Archaeology students working with Coeur d'Alene tribe hopes to uncover colonial history

Posted at 10:43 AM, Jun 08, 2021
and last updated 2021-06-08 12:43:51-04

COEUR D'ALENE, Idaho — 21 archaeology students from the University of Idaho, North Idaho College and UC Berkely are working with the Coeur d'Alene Tribe, hoping to uncover new historical perspectives from the late 19th and early 20th centuries at Fort Sherman.

The project is led by U of I's Idaho Public Archaeology education project. The project aims to shed light on the military occupation of the American West, according to a news release, while also providing archaeology students accessible and inclusive field training.

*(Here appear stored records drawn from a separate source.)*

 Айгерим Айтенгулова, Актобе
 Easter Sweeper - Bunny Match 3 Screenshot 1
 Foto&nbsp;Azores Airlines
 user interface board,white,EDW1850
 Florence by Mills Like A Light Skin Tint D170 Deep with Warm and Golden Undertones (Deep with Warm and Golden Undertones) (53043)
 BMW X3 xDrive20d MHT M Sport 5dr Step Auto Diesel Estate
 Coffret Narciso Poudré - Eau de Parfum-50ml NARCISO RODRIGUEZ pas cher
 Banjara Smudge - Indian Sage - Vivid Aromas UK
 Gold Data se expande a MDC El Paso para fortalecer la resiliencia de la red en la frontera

Jake Mathis, UC Berkeley undergraduate student from Marin County, California

The fieldwork includes geophysical surveys, archaeological testing and artifact analysis and is taking place until June 15 at North Idaho College by Yap-Keehn-Um Beach and near the Spokane River on the north end of campus.

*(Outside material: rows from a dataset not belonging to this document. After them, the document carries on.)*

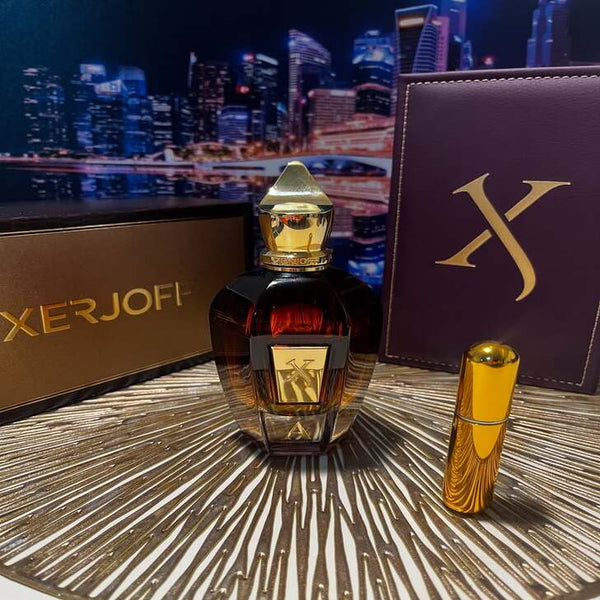 ALEXANDRIA II - XERJOFF - 5ML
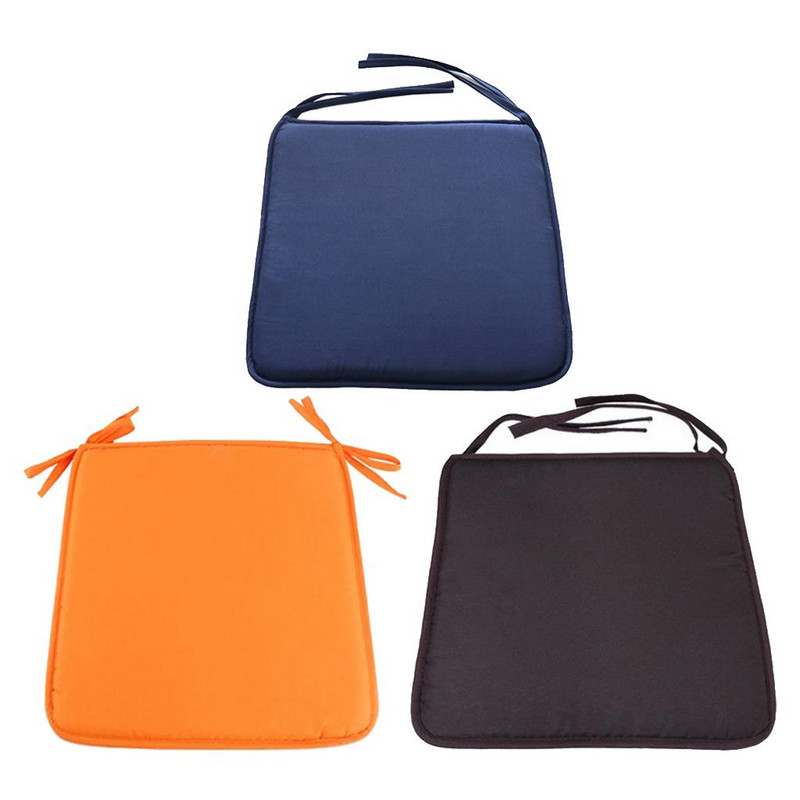 Polsterdamata istmepadi pehmed padjad paeltega toolidele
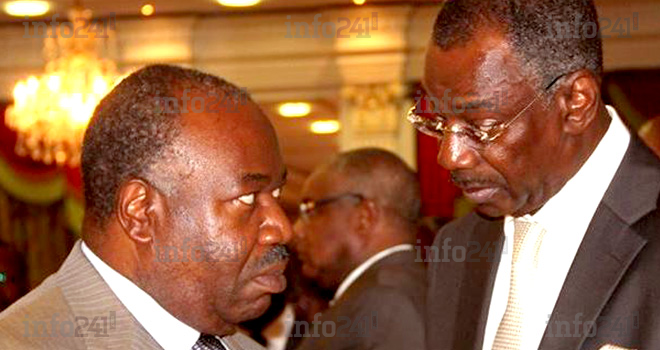 Le président du Conseil national de la démocratie désormais nommé par Ali Bongo&nbsp;!
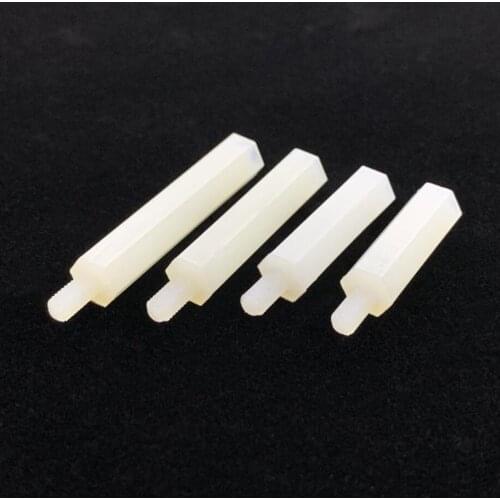 M3*5 6 7 8 9 10 11 12 13 14 15mm single-end hexagonal Isolation column / SPACER SUPPORT / Interval column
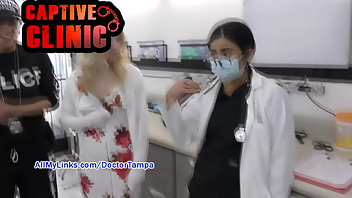 Gyno Teen Pussy Doctor Reality 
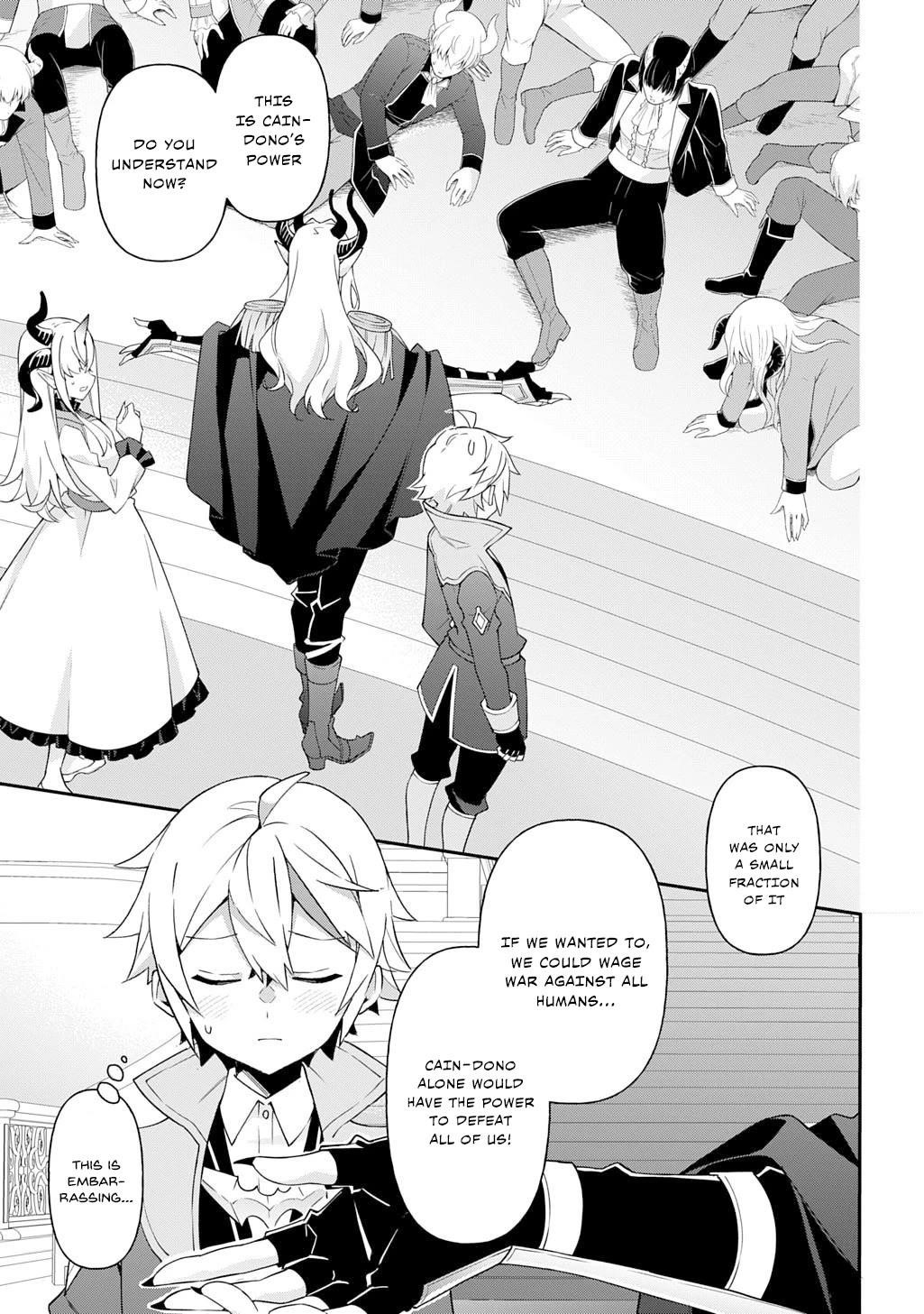 Tensei Kizoku No Isekai Boukenroku ~Jichou Wo Shiranai Kamigami No Shito~ Chapter 70 - Page 31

“Fort Sherman is an ideal location to explore identity construction and negotiation in spaces of cultural meeting,” said Katrina Eichner, Ph.D., U of I assistant professor of anthropology. “It’s our hope that materials discovered here will allow for more diverse and nuanced understanding of the past.”

The military installation was established in 1878 on traditional Coeur d'Alene homeland known as Hnch'mqinkwe', according to the release.

“Stories of occupation in the West tend to focus on the roles of elite, white male military officers in hostile conflicts with Native American tribes,” said Eichner. “By focusing on this singular narrative, the stories and perspectives of a variety of historically marginalized groups are obscured in traditional heritage interpretations.”

Kristina McDonough, University of Idaho graduate student from Boise, Idaho

Community members are able to observe the excavations through June 12 between 8 a.m. and 11 a.m. or from 12:30 p.m. to 2:30 p.m. The research will result in a formal report given to the tribe, NIC and the U of I Bowers Archaeology Lab.